(Web page caption snippets)
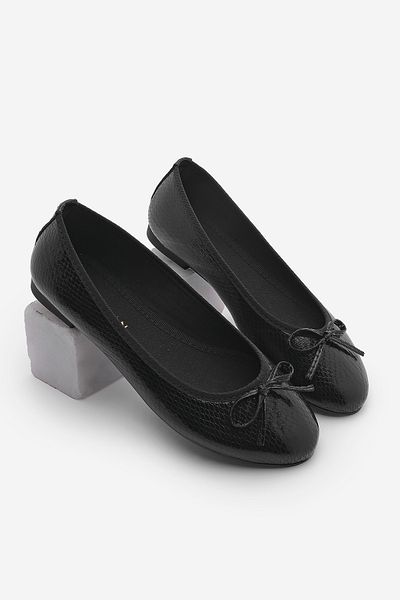 Marjin Damen Ballerinas mit runder Spitze Adusa Black Snake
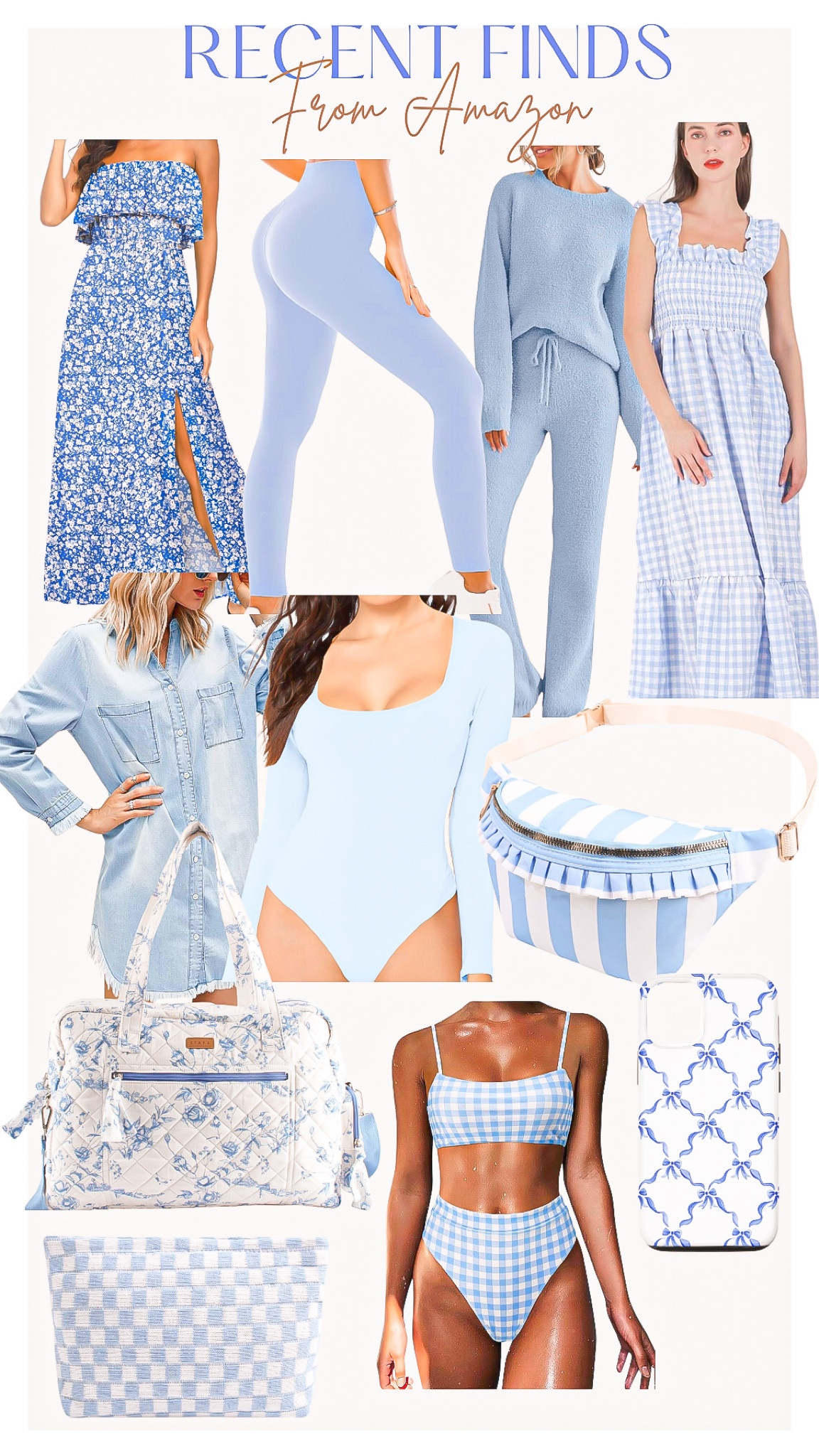Amazon Finds 
🩵🩵🩵

Amazon fashion, light blue finds, blue fashion, blue dress, resort wear, spring fashion, blue leggings , blue two piece set, blue gingham dress, blue denim dress, blue bodysuit, blue belt bag, blue crossbody bag, blue duffel bag, southern outfits, blue travel bag, blue gingham bikini, blue bathing suit, phone case, bow phone case, blue makeup bag 

#LTKGiftGuide #LTKMostLoved #LTKstyletip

What is being asked = A verbatim copy of the records is expected, from their first line through the line with "Amazon fashion, light", inclusive, with the pictures removed.

Task output =
 Marjin Damen Ballerinas mit runder Spitze Adusa Black Snake
Amazon Finds 
🩵🩵🩵

Amazon fashion, light blue finds, blue fashion, blue dress, resort wear, spring fashion, blue leggings , blue two piece set, blue gingham dress, blue denim dress, blue bodysuit, blue belt bag, blue crossbody bag, blue duffel bag, southern outfits, blue travel bag, blue gingham bikini, blue bathing suit, phone case, bow phone case, blue makeup bag 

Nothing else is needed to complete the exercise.